If `P=[(1,alpha, 3),(1,3,3),(2,4,4)]` is the adjoing of a `3xx3` matrix A and `|A|=4` then `alpha` is equal to

To find the value of \( \alpha \) in the matrix \( P \) given that \( P \) is the adjoint of a \( 3 \times 3 \) matrix \( A \) and \( |A| = 4 \), we can follow these steps: ### Step 1: Write down the matrix \( P \) and the determinant of \( A \) Given: \[ P = \begin{pmatrix} 1 & \alpha & 3 \\ 1 & 3 & 3 \\ 2 & 4 & 4 \end{pmatrix} \] and \( |A| = 4 \). ### Step 2: Use the property of the determinant of the adjoint The determinant of the adjoint of a matrix \( A \) is given by: \[ |P| = |A|^{n-1} \] where \( n \) is the order of the matrix. Here, \( n = 3 \), so: \[ |P| = |A|^{3-1} = |A|^2 = 4^2 = 16. \] ### Step 3: Calculate the determinant of \( P \) To find \( |P| \), we can use the determinant formula for a \( 3 \times 3 \) matrix: \[ |P| = a(ei - fh) - b(di - fg) + c(dh - eg) \] where \( P = \begin{pmatrix} a & b & c \\ d & e & f \\ g & h & i \end{pmatrix} \).
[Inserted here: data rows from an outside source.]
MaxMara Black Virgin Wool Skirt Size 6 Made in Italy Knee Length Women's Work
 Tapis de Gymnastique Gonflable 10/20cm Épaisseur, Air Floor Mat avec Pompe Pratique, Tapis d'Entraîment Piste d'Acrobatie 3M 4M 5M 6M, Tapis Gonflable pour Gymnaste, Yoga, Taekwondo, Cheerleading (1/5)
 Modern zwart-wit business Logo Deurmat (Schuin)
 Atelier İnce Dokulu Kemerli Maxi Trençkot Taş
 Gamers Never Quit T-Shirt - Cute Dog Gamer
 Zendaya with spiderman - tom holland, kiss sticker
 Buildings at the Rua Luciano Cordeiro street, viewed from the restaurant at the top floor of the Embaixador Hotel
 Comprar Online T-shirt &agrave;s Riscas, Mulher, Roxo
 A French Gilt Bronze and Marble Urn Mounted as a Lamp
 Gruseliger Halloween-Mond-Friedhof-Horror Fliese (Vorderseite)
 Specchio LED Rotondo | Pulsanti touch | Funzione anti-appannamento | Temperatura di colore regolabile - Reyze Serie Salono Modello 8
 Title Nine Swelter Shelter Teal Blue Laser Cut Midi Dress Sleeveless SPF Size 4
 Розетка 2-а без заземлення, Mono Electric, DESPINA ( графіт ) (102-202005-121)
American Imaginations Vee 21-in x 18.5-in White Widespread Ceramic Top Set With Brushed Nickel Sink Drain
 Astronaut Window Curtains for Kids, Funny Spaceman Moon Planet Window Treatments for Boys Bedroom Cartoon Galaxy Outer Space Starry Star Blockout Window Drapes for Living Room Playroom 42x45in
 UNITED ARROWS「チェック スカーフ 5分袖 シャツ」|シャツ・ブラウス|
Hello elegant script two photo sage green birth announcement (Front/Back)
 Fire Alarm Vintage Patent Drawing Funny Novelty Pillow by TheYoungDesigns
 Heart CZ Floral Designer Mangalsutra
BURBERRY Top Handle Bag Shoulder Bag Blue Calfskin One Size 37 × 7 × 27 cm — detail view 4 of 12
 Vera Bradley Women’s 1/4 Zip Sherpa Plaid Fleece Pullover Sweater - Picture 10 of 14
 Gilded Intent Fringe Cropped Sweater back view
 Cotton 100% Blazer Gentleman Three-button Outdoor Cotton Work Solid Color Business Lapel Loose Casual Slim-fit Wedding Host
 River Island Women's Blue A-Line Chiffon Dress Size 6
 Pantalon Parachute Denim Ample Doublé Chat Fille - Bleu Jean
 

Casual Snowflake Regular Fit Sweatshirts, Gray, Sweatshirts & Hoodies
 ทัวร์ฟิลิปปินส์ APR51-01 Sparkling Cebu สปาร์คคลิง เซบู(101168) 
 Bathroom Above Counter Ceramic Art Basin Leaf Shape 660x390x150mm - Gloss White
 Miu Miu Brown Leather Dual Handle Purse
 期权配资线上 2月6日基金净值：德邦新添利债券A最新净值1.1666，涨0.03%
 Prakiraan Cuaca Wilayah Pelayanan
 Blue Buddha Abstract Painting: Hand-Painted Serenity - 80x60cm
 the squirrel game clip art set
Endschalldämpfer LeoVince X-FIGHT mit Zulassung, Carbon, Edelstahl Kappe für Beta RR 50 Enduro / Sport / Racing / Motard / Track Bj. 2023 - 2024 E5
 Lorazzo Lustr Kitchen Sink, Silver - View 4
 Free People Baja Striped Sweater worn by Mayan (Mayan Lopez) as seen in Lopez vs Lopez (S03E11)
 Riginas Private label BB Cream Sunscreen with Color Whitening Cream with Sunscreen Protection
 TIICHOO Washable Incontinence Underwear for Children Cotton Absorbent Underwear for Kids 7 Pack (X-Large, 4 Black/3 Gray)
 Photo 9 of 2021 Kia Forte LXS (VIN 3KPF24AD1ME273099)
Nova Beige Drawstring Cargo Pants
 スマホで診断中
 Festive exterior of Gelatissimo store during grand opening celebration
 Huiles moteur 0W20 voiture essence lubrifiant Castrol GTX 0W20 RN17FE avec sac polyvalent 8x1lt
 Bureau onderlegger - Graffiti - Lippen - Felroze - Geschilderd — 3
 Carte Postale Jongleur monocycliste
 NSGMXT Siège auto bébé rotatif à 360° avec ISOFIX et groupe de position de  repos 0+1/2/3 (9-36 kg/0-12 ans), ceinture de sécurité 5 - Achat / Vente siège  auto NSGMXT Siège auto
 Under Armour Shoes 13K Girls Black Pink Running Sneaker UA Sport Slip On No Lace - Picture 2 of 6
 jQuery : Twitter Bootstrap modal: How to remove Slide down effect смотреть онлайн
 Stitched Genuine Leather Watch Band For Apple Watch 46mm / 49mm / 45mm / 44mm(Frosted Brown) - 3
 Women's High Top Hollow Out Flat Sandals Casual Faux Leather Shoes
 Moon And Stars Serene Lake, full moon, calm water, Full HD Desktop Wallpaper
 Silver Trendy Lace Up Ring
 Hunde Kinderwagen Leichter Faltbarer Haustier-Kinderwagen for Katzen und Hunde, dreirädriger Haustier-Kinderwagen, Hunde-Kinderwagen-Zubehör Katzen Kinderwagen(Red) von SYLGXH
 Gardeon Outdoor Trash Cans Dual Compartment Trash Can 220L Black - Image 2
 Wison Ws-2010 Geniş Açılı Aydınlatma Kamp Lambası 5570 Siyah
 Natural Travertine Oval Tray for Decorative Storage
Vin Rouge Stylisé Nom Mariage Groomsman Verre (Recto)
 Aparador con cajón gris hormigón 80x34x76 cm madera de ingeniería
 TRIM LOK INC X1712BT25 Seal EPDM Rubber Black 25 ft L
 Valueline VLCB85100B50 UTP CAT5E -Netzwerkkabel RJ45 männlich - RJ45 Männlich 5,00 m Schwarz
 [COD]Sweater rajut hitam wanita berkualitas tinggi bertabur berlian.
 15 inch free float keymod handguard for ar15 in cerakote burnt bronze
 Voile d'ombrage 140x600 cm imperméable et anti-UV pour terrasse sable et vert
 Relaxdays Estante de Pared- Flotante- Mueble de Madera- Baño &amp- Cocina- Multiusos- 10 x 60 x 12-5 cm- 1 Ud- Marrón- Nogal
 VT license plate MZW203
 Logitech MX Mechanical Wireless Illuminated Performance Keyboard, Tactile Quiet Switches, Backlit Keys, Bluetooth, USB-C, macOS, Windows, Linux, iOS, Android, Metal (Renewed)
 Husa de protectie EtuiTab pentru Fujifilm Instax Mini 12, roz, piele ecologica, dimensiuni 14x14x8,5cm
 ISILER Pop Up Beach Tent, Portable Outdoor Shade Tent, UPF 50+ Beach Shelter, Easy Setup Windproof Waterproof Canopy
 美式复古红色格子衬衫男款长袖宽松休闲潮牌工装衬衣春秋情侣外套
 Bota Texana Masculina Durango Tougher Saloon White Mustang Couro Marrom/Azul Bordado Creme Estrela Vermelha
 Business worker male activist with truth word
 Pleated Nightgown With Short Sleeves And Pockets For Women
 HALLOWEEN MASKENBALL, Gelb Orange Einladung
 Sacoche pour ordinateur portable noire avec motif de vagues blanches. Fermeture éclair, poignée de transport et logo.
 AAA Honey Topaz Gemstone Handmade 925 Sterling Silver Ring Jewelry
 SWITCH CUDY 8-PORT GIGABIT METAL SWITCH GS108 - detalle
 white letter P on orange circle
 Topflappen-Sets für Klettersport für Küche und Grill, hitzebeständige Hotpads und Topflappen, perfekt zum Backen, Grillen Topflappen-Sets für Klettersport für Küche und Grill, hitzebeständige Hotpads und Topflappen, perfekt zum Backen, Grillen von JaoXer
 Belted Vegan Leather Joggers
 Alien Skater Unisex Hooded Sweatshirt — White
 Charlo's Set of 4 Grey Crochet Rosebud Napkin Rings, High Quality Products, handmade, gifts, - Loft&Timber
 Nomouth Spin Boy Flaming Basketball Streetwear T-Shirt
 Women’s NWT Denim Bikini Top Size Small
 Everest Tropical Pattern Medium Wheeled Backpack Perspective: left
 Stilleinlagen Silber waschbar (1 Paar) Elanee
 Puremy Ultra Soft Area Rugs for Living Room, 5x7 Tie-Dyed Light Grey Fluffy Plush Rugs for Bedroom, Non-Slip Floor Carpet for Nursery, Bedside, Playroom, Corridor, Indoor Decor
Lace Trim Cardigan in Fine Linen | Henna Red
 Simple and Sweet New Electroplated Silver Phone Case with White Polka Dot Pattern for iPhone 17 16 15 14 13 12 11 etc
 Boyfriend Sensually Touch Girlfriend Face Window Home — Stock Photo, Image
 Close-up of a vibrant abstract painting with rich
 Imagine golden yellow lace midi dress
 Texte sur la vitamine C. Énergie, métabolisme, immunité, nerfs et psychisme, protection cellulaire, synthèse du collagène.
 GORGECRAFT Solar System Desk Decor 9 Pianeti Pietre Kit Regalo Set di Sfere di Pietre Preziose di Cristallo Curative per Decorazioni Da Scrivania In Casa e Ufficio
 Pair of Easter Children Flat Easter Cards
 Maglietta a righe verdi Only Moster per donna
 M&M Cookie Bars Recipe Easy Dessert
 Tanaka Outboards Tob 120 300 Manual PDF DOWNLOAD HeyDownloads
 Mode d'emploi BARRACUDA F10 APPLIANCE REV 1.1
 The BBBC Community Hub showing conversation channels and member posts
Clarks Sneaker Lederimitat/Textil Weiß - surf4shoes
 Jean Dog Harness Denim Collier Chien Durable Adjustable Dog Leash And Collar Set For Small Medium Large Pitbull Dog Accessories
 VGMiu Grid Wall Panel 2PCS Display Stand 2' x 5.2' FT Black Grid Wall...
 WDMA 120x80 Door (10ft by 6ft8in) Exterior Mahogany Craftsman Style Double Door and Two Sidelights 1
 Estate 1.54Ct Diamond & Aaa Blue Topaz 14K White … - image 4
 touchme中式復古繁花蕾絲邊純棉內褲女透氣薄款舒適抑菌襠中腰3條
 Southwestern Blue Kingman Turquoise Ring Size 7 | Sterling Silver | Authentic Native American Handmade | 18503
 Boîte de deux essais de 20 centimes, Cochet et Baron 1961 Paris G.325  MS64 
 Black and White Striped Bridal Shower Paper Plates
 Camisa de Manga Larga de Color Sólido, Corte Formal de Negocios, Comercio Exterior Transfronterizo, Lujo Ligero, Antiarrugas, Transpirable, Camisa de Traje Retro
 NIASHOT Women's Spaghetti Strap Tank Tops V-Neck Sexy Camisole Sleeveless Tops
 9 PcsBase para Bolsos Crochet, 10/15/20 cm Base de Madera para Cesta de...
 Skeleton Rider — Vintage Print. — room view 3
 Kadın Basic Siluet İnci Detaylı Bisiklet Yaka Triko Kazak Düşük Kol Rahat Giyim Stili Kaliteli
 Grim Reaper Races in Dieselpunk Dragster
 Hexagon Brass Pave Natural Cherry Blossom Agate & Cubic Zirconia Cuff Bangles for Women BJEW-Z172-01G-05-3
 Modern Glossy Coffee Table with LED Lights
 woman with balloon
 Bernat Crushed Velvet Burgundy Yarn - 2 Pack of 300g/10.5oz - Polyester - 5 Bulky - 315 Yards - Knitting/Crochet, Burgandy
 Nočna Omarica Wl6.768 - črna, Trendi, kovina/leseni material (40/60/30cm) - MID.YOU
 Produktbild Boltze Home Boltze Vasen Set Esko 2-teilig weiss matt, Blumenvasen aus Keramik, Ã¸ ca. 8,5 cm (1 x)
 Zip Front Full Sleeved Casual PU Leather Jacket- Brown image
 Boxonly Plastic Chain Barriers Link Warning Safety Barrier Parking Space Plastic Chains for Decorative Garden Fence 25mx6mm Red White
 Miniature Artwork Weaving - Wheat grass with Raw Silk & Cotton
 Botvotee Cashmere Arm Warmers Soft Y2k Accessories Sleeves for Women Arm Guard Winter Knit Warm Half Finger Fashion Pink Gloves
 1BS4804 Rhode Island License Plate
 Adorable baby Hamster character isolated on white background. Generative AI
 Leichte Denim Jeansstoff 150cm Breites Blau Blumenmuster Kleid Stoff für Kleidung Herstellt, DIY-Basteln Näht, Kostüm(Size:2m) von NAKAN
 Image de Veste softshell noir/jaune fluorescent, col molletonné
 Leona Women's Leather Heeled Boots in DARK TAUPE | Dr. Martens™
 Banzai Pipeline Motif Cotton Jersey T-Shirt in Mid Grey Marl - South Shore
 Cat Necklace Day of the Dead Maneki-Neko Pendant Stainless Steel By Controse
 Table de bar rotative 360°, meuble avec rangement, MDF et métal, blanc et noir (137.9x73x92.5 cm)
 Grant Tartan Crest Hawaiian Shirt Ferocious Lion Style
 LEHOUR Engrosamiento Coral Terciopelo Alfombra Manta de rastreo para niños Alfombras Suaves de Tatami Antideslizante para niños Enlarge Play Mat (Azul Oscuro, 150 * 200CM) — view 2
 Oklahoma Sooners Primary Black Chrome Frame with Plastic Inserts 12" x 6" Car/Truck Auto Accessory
For our matrix \( P \): - \( a = 1, b = \alpha, c = 3 \) - \( d = 1, e = 3, f = 3 \) - \( g = 2, h = 4, i = 4 \) Calculating \( |P| \): \[ |P| = 1 \cdot (3 \cdot 4 - 3 \cdot 4) - \alpha \cdot (1 \cdot 4 - 3 \cdot 2) + 3 \cdot (1 \cdot 4 - 3 \cdot 2) \] \[ = 1 \cdot (12 - 12) - \alpha \cdot (4 - 6) + 3 \cdot (4 - 6) \] \[ = 0 - \alpha \cdot (-2) + 3 \cdot (-2) \] \[ = 2\alpha - 6. \] ### Step 4: Set the determinant of \( P \) equal to 16 From Step 2, we have: \[ |P| = 2\alpha - 6 = 16. \] ### Step 5: Solve for \( \alpha \) Now, we solve the equation: \[ 2\alpha - 6 = 16. \] Adding 6 to both sides: \[ 2\alpha = 22. \] Dividing by 2: \[ \alpha = 11. \] ### Conclusion Thus, the value of \( \alpha \) is \( \boxed{11} \).